As a restaurant critic, I’ve always taken a cursory look at bathrooms. If the bathroom is gross, then I don’t quite trust the kitchen to not also be gross. Very few things turn you off a restaurant experience like a powder room that looks transplanted from an area frat house. But now I’ve had to spend extra minutes in each restroom, taking note of the chandeliers and Champagne vending machines and funnyisms. Ironside in Little Italy has Descartes’ famous phrase, "SH** HAPPENS" engraved in the ceiling above the line of bathrooms.
Point is, I now have a personal favorite bathroom. During my review of Pamplemousse in this month’s issue, I was standing in position. We men tend to stare at the wall directly in front of our business dealings, unless we’re staring down at our phones (which I’ve never felt too comfortable with because one day I’m sure I’m going to accidentally take a photo of what’s below my phone and accidentally post it to the internet—quite frankly I’m shocked I haven’t by this juncture).
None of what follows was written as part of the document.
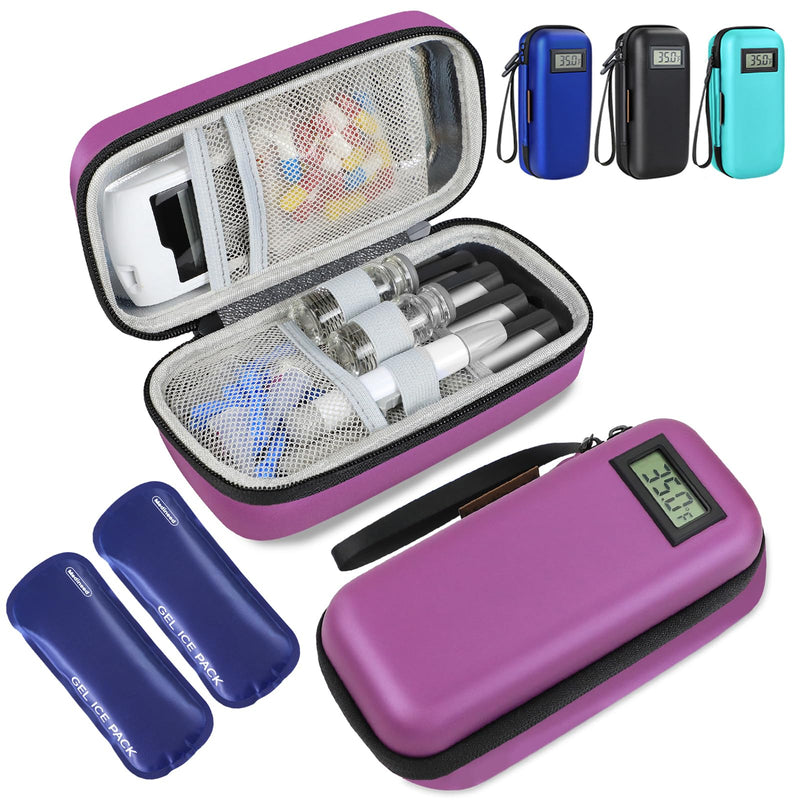 [Australia] - Insulin Cooler Travel Case, Portable Temperature Display Medicine Travel Cooler, Diabetes Case with 2 Reusable Ice Packs TSA Approved for Diabetic Supplies Patent Pending(Purple) Purple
Anyway, in the Pamplemousse men’s room, they have this TV screen right in front of you. At first, it looks like some generic promotional effort from the restaurant, cascading pretty images of food and the dining room. There’s a sepia-toned shrimp dish. Here’s a dreamy photo of beautiful people enjoying beautiful Dover soles. Here’s an obscene closeup shot of a chocolate dessert.
Fine, nice, boring. But then it gets interesting.
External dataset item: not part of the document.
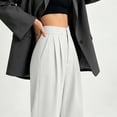 thumbnail image 6 of Business Office Slacks Dress Pants For Women Elegant High Rise Pleated Wide Leg Pant Ladies Button Closure Flowy Suit Pant Lightweight Straight Trousers, 6 of 6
I’m looking down at the time. Aim is important in life. I hear someone snickering. I look up and it’s chef-owner Geoffrey Strauss and his right-hand chef on the video screen. They’re standing there looking down at my manhood. Taking peeks and chortling empathetic chortles. Strauss says, "Sorry, bro." As he says this, he’s looking up into the camera (which is at my eye level, so basically he’s looking into my eyes, which is uncomfortable in its own right during this particular moment).
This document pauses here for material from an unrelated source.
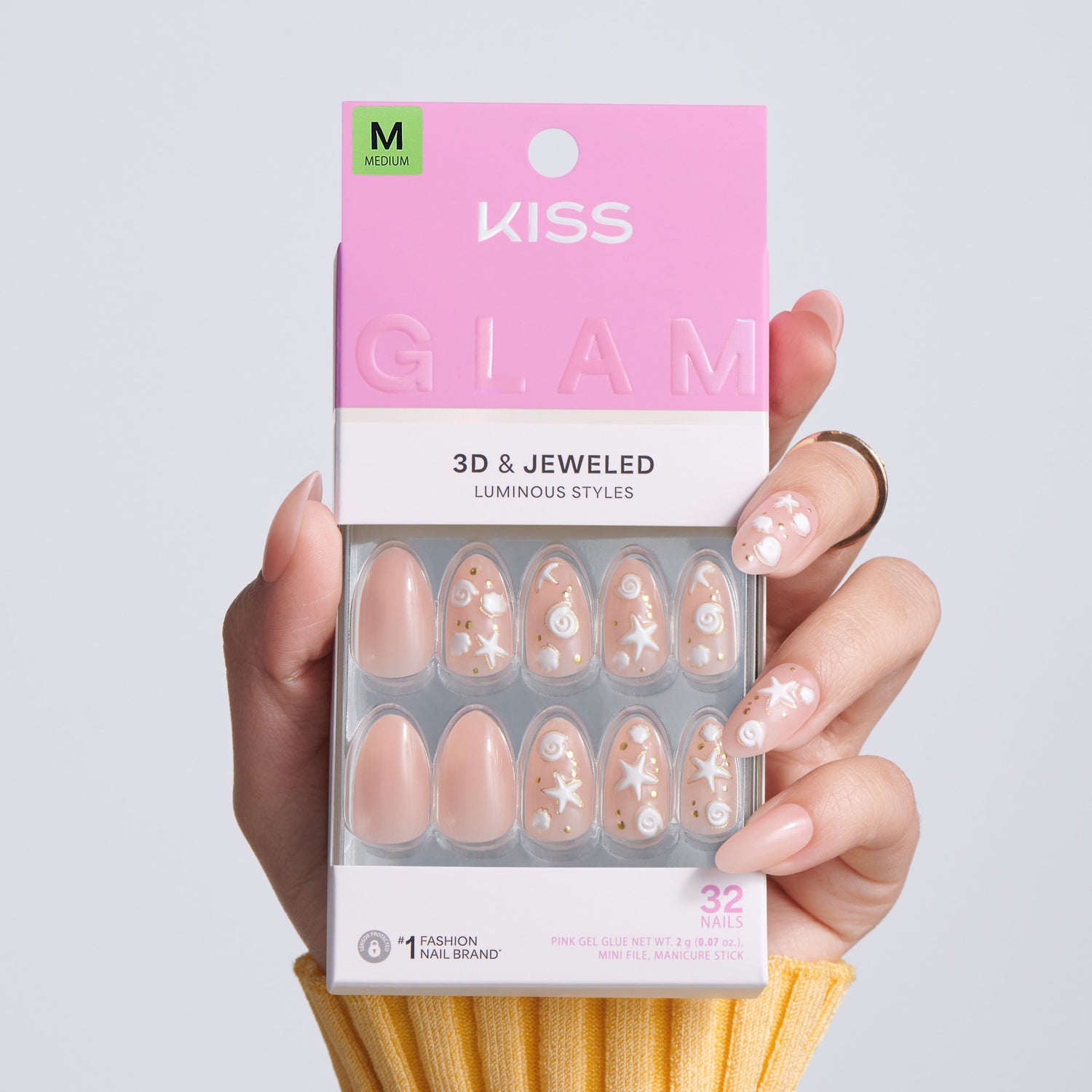 Kiss Glam Jeweled Press On Glue Nails - Shell Me More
I can’t remember what else they said. (I was incapable of transcription at the moment). They point at my place of esteem and shame. And they mock me. Or it. Or me and it. They are the older boys from my middle school gym class.
I’m both fascinated and impressed. Outside in the dining room, people are paying $40-plus for a grilled cheese sandwich. Tonight’s meal will cost me a car payment. There are fine Italian truffles on everything. I believe there are truffles in their cleaning solvents. There are men of class and decorum and great empires. And when they come to pee, their chef ridicules their member. This is the kind of humor that I expect when I’m chugging chicken wings at my local sports TV emporium.
I’m not sure if Strauss is now my personal hero, a man with the ease and gumption to tease his high-end clientele, who can tend to take themselves a little seriously at times. Sure, he’ll cook for them, master-crafting ahi towers for their enduring luxury. But in the bathroom, this is his time to alter that power paradigm, to alpha the alphas in matters of lower waist. To rib them a little, not in the ribs.
Or if he’s kinda sad like that male relative who bought me every available penis joke t-shirt ever made by the penis joke apparel industry.
Whatever. Laughing at yourself, even at that part of yourself, is important.
Returning to the table, I tell Claire. She’s a New Yorker. Her people are immune to crude humor, since life in New York is itself a crude humor. She gets up to inspect the women’s restroom.
She returns to the table and announces, "This is bullsh**. They didn’t make fun of any of my parts."
So, it seems, the biggest offense of the night is not the men’s room humor, but the assumption that this sort of humor is too much or not appropriate for today’s modern woman.
By not being slighted, Claire feels slighted.